En lo personal llegan a despertar emociones tan intensas que si no le cambio, me tapo los ojos o aparto la mirada, no solo mi cuerpo busca protegerse de lo que está viendo, es mí ser al que pongo en riesgo, incluso me he llegado a dormir para desconectarme de ese malestar que me está produciendo mirar. Quizá el no querer ver, no sea señal de rechazo sino de una sensibilidad distinta, la de una sociedad en la cual he aprendido a reconocer que detrás de cada historia en la pantalla o fuera de ella, late tan fuerte la vida real de muchas familias, que ya no son las otras familias, ahora es la tuya o la mía, eres tú o soy yo.
El cine mexicano ha retratado a lo largo de décadas, historias de sacrificio y dignidad, de pobreza y de la lucha cotidiana, pero lo hacía desde una narrativa que te mantenía como espectador, solo éramos eso, “espectadores”; el cine contemporáneo en cambio, nos acerca más al rostro humano, a sus heridas, silencios y finales fatales que nos lleva a sentir lo que antes solo observábamos, hoy hay escenas que nos incomodan, nos duelen y nos pueden llevar a abandonar el lugar o cambiarle de canal.

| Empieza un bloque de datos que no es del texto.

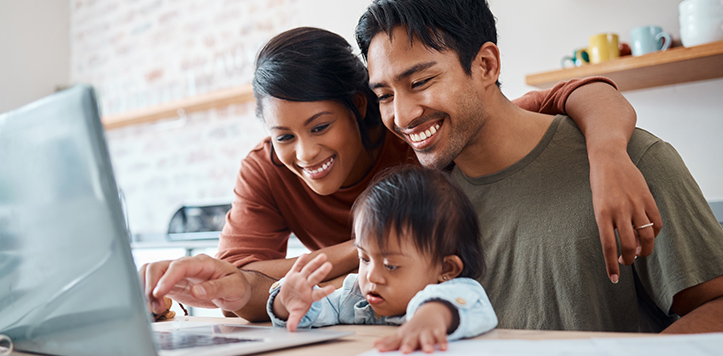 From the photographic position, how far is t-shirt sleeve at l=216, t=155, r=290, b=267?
1535 mm

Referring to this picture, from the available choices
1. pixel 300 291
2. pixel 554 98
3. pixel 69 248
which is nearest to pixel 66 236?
pixel 69 248

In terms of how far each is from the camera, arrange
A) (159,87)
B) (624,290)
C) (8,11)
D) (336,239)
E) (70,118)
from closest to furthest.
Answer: (70,118) → (624,290) → (336,239) → (159,87) → (8,11)

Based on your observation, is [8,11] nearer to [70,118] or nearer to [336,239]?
[336,239]

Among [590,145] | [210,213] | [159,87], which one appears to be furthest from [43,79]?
[590,145]

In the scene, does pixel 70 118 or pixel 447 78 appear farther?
pixel 447 78

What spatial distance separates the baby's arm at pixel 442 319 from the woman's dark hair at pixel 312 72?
75 cm

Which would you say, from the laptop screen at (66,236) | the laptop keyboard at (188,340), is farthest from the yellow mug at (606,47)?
the laptop screen at (66,236)

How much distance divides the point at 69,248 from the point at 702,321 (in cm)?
87

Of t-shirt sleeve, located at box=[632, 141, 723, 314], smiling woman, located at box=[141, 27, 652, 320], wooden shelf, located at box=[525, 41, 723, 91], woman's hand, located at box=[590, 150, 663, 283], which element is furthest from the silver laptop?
wooden shelf, located at box=[525, 41, 723, 91]

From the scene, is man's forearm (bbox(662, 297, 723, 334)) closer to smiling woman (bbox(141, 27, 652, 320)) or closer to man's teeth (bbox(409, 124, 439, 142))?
smiling woman (bbox(141, 27, 652, 320))

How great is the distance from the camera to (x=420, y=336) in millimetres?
652

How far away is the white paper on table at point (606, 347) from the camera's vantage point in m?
0.56

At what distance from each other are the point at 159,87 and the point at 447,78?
3.75 metres

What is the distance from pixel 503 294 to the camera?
3.79 ft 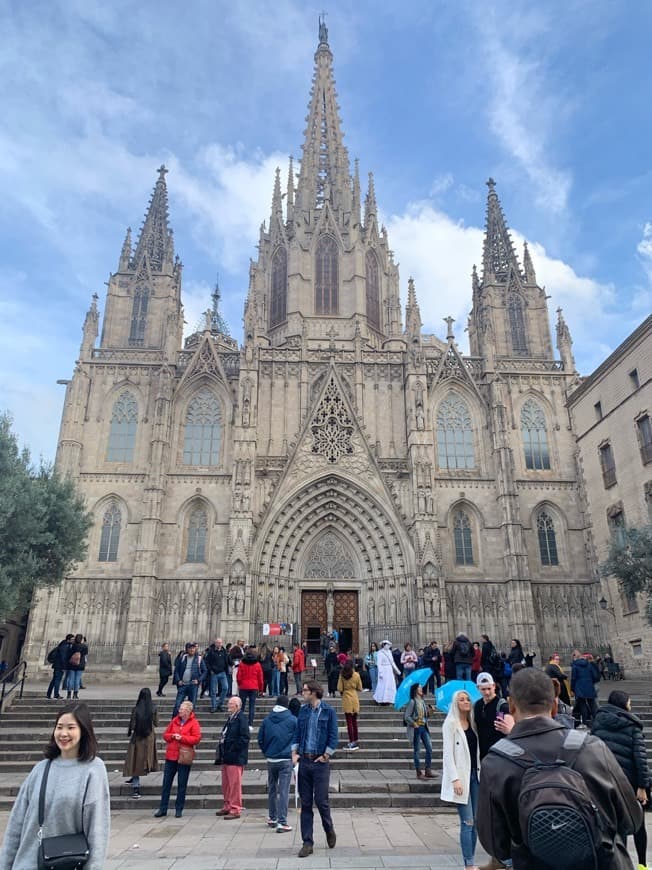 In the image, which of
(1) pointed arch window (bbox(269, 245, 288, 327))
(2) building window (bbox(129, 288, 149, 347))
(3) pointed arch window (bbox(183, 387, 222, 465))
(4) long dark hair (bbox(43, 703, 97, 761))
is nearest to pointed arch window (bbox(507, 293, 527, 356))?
(1) pointed arch window (bbox(269, 245, 288, 327))

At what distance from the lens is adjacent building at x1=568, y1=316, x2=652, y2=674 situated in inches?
934

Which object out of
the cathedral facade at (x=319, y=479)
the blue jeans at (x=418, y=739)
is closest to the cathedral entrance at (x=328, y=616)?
the cathedral facade at (x=319, y=479)

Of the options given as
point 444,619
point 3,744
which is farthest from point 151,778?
point 444,619

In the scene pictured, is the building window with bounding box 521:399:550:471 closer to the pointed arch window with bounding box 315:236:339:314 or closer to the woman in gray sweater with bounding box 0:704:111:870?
the pointed arch window with bounding box 315:236:339:314

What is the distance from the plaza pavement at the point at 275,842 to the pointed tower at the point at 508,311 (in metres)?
27.9

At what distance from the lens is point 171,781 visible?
8.77 meters

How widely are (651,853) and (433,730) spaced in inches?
296

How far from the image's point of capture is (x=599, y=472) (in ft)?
89.6

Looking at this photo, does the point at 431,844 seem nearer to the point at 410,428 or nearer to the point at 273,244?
the point at 410,428

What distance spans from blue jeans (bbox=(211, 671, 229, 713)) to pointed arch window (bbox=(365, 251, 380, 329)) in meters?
25.2

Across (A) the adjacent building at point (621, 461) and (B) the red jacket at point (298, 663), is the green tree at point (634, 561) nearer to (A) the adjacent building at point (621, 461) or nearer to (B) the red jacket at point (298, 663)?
(A) the adjacent building at point (621, 461)

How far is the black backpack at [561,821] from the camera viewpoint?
216 centimetres

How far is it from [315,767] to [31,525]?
12679mm

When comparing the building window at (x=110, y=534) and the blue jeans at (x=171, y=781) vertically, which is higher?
the building window at (x=110, y=534) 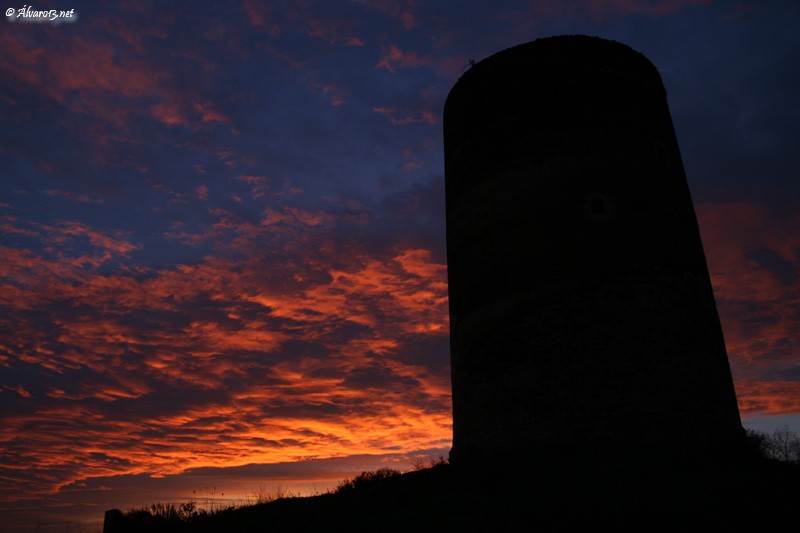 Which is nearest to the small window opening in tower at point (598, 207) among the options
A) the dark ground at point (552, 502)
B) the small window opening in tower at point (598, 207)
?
the small window opening in tower at point (598, 207)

Mi forma de mirar cambió. Si mis ojos son el reflejo del alma y mi alma fue rota, ahora pude ver y sentir lo que no había sentido, pasamos de audiencia a actores. Es aquí donde la memoria se convierte en personal y colectiva; el cine mexicano no solo ha sido entretenimiento ha sido un espejo de la historia social del país, el espectador moderno no solo ve lo que ocurre en la pantalla: se imagina en esa experiencia y lo peor es, cuando lo está viviendo o lo ha vivido.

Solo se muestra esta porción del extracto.